=== Captioned web images ===
----

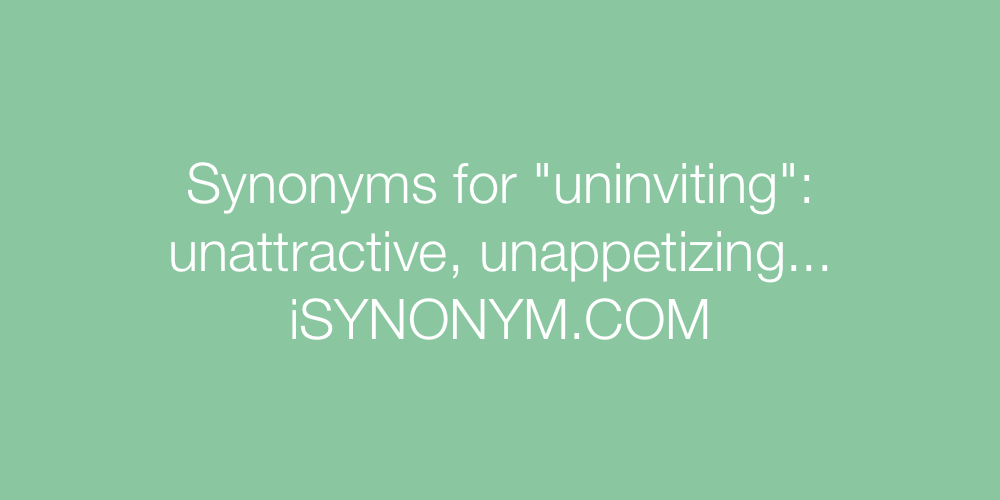 Synonyms uninviting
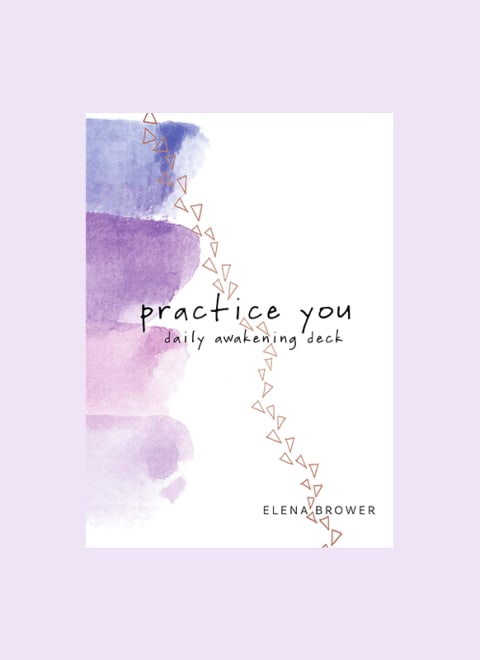 elena brower practice you deck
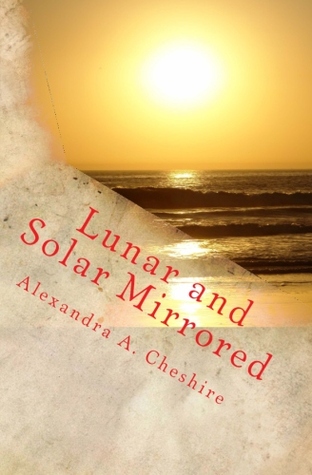 Download Lunar and Solar Mirrored (Three Drops of Raoy, #3) - Alexandra A. Cheshire | ePub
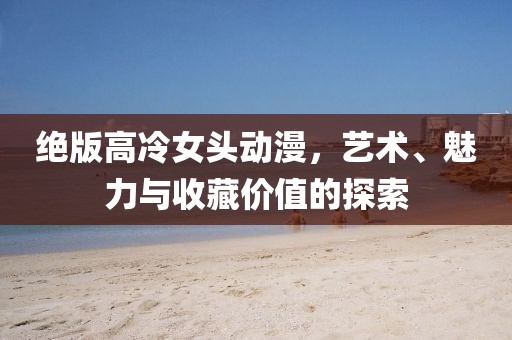 绝版高冷女头动漫，艺术、魅力与收藏价值的探索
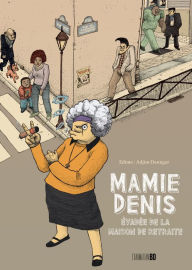 Title: Mamie Denis évadée de la maison de retraite, Author: Christophe Cassiau Haurie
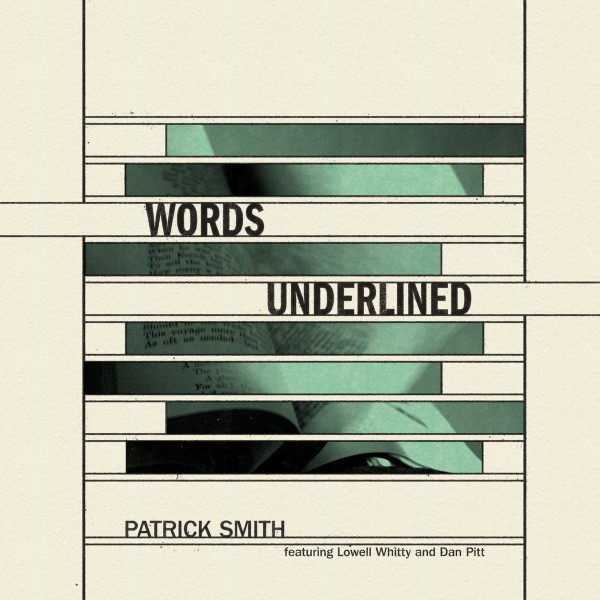 The Patrick Smith Words Trio - Words Underlined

----

=== TASK ===
A faithful copy of each entry is required, and no picture may be carried into it.

=== ANSWER SECTION ===
 Synonyms uninviting
 elena brower practice you deck
 Download Lunar and Solar Mirrored (Three Drops of Raoy, #3) - Alexandra A. Cheshire | ePub
 绝版高冷女头动漫，艺术、魅力与收藏价值的探索
 Title: Mamie Denis évadée de la maison de retraite, Author: Christophe Cassiau Haurie
 The Patrick Smith Words Trio - Words Underlined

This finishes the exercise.